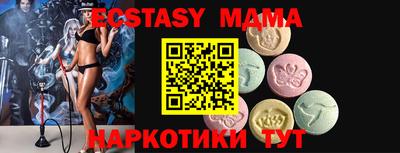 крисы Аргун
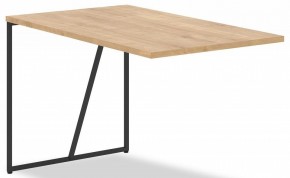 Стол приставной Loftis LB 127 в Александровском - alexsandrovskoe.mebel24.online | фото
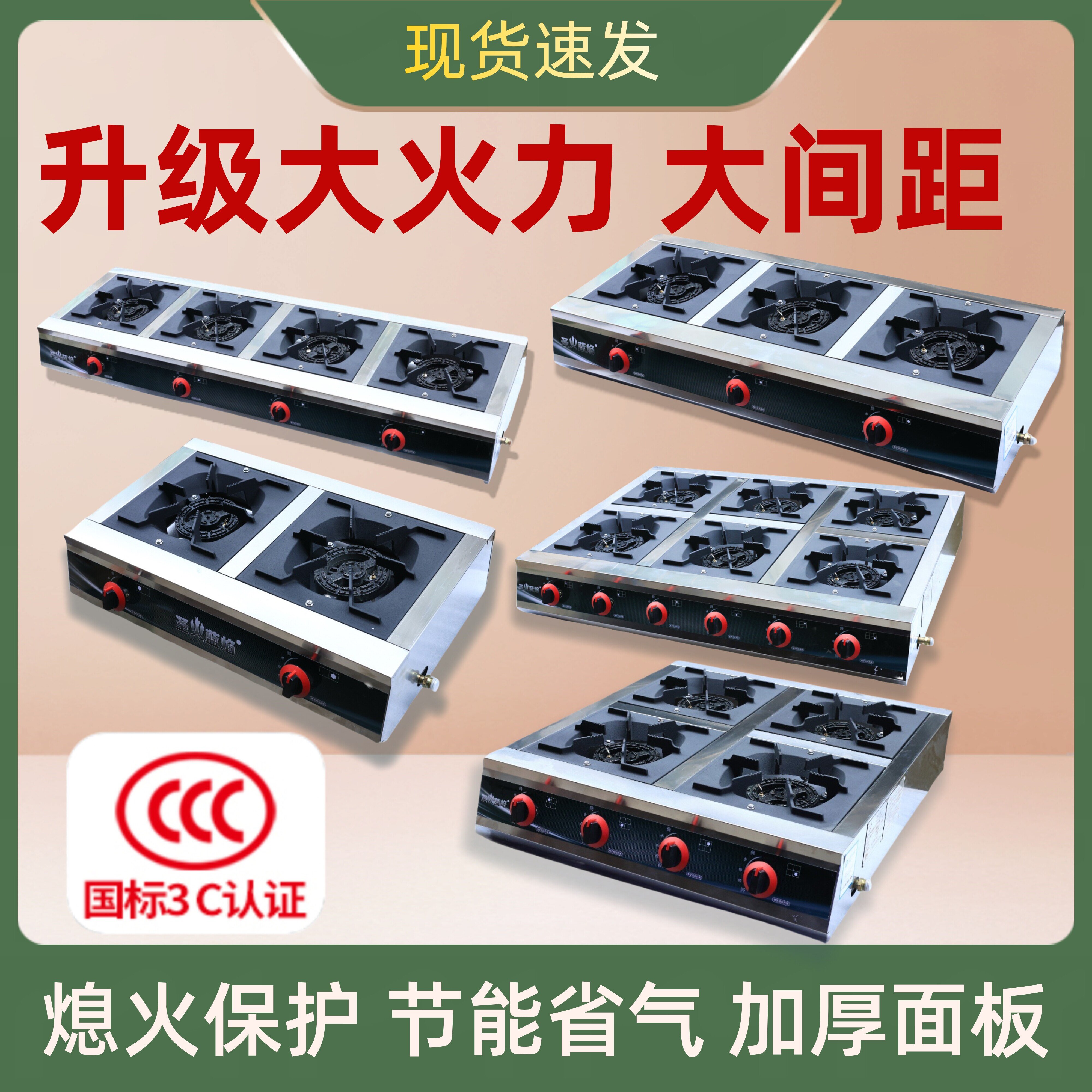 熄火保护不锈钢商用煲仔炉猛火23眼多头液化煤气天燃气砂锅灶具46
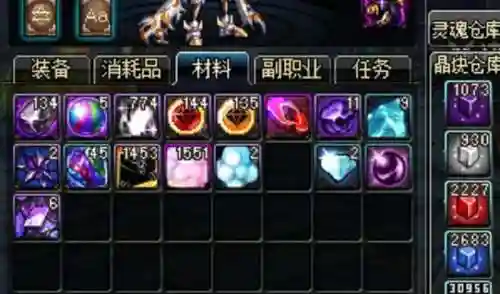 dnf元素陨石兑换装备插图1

###

**Work item**
Output the data exactly as it appears. The pictures do not belong in it.

**Output below**
 крисы Аргун
 Стол приставной Loftis LB 127 в Александровском - alexsandrovskoe.mebel24.online | фото
 熄火保护不锈钢商用煲仔炉猛火23眼多头液化煤气天燃气砂锅灶具46
 dnf元素陨石兑换装备插图1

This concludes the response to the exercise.